All entries need to be written out verbatim, with pictures omitted.

::: Records to use

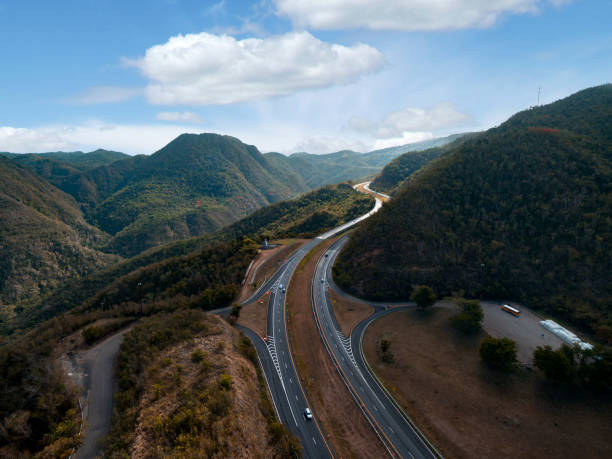 Highway through the central mountain range in Puerto Rico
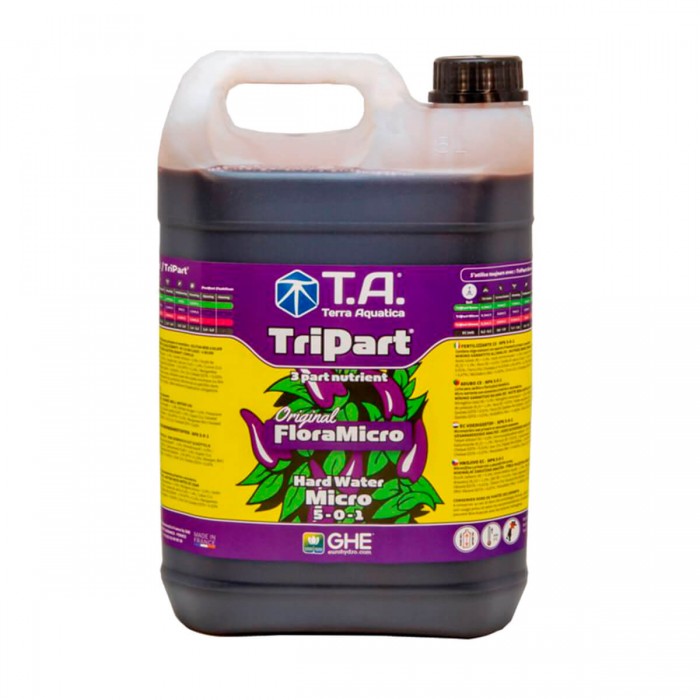 Flora Micro Hard Water de GHE ahora Tripart Micro Agua Dura, envase de 5L.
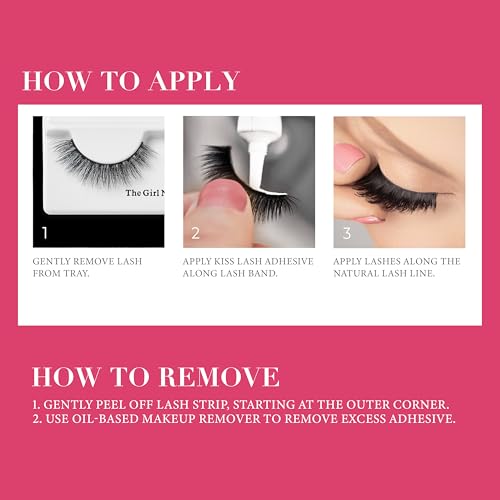 KISS Lash Couture LuXtensions Collection False Eyelashes, Flat Lash Technology, Super Slim Lash Band, Real Lash Extension Fibers, Reusable, Style ¡®Black Swan', 12mm, 1 Pair Strip Lashes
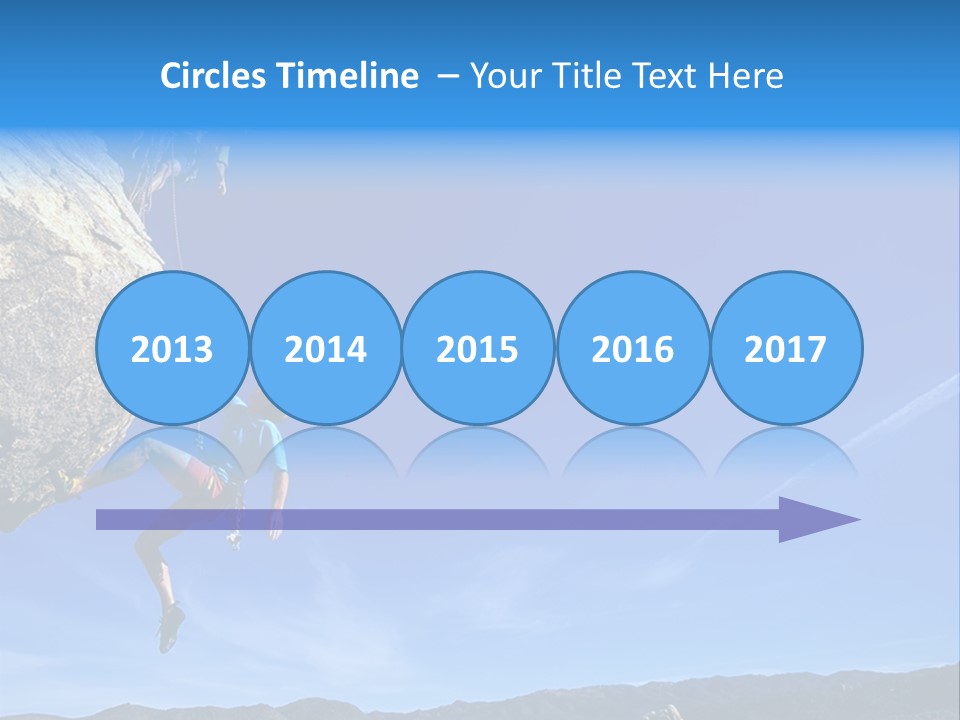 A Man Climbing Up The Side Of A Mountain PowerPoint Template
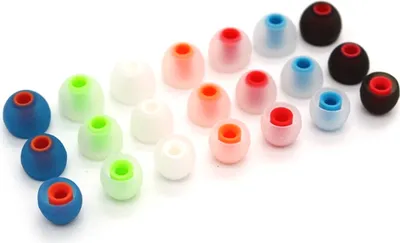 Produktbild von 6 Paar 12 Stück 3,8 mm weiche Silikon-In-Ear-Kopfhörer-Abdeckungen, Ohrhörer-Aufsätze, zweifarbige Ohrpolster-Kissen für Kopfhörer, zufällige Farbe und Größe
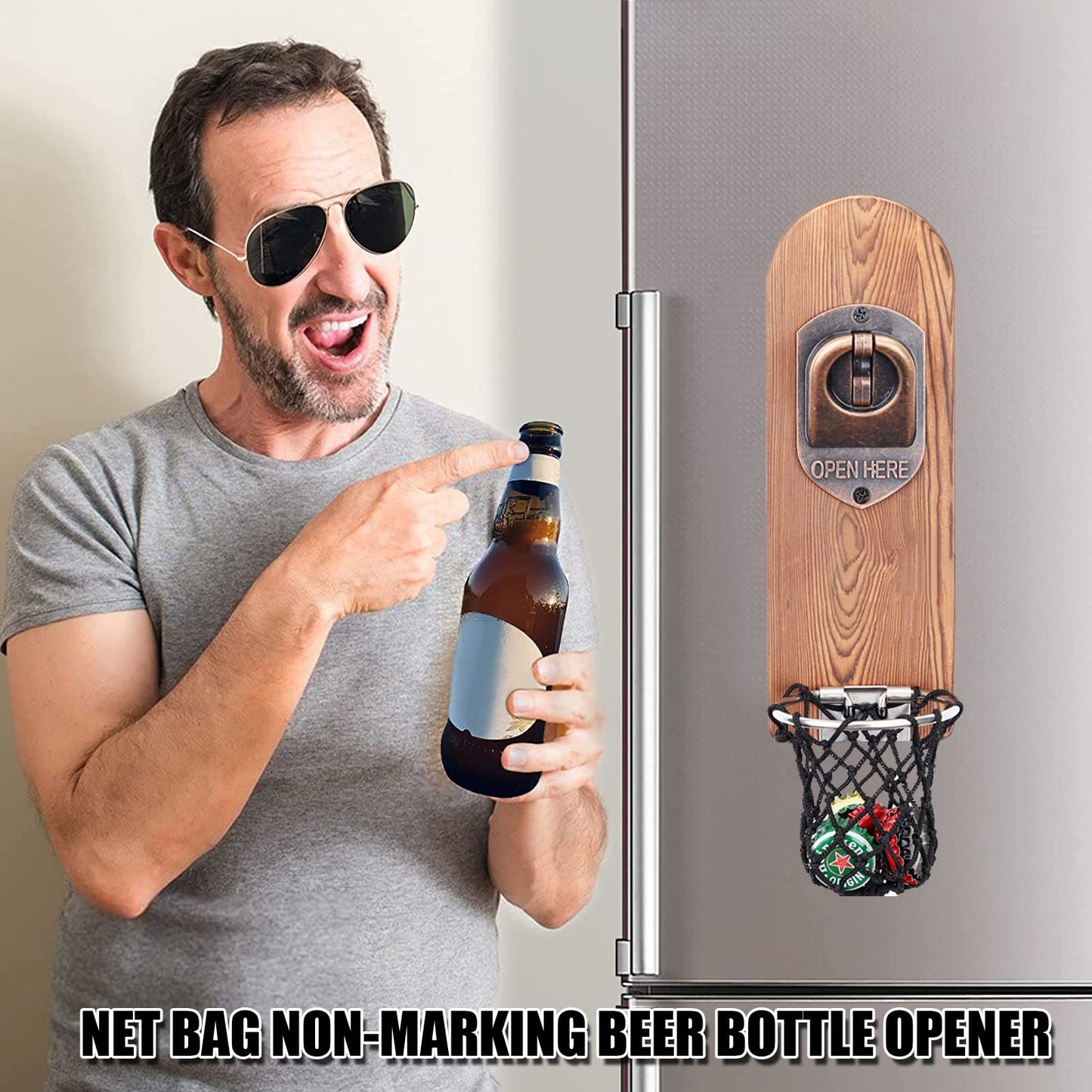 - ZONSUSE Magnetic Bottle Openers with Netting Catcher, Wall Mounted Wooden Beer Bottle Opener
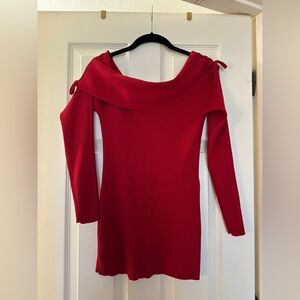 I.N. San Francisco Red Off-Shoulder Sweater Dress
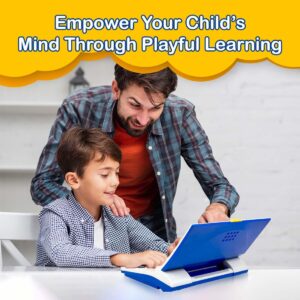 Plug & Play English Learner Educational Laptop Toy with 20 Learning & Playing Activities|Blue & White Color,Dual Power Supply Source:Micro USB Cable(Included)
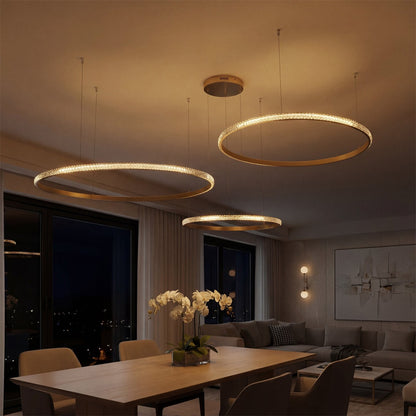 DIAMOND KLV-101-0246 Κρεμαστό Φωτιστικό Οροφής LED 150W 15000lm 180° AC 220-240V IP20 Ρυθμιζόμενο Λευκό CCT με Χειριστήριο από 2700K έως 6000K Dimmable - Lumileds SMD Chip - Χρυσό Πλατίνα - Μ170 x Π170 x Υ60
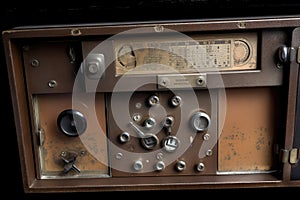 safe deposit box, with combination dial and keyhole visible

::::::

[Response to this task]
 Highway through the central mountain range in Puerto Rico
 Flora Micro Hard Water de GHE ahora Tripart Micro Agua Dura, envase de 5L.
 KISS Lash Couture LuXtensions Collection False Eyelashes, Flat Lash Technology, Super Slim Lash Band, Real Lash Extension Fibers, Reusable, Style ¡®Black Swan', 12mm, 1 Pair Strip Lashes
 A Man Climbing Up The Side Of A Mountain PowerPoint Template
 Produktbild von 6 Paar 12 Stück 3,8 mm weiche Silikon-In-Ear-Kopfhörer-Abdeckungen, Ohrhörer-Aufsätze, zweifarbige Ohrpolster-Kissen für Kopfhörer, zufällige Farbe und Größe
 - ZONSUSE Magnetic Bottle Openers with Netting Catcher, Wall Mounted Wooden Beer Bottle Opener
 I.N. San Francisco Red Off-Shoulder Sweater Dress
 Plug & Play English Learner Educational Laptop Toy with 20 Learning & Playing Activities|Blue & White Color,Dual Power Supply Source:Micro USB Cable(Included)
 DIAMOND KLV-101-0246 Κρεμαστό Φωτιστικό Οροφής LED 150W 15000lm 180° AC 220-240V IP20 Ρυθμιζόμενο Λευκό CCT με Χειριστήριο από 2700K έως 6000K Dimmable - Lumileds SMD Chip - Χρυσό Πλατίνα - Μ170 x Π170 x Υ60
 safe deposit box, with combination dial and keyhole visible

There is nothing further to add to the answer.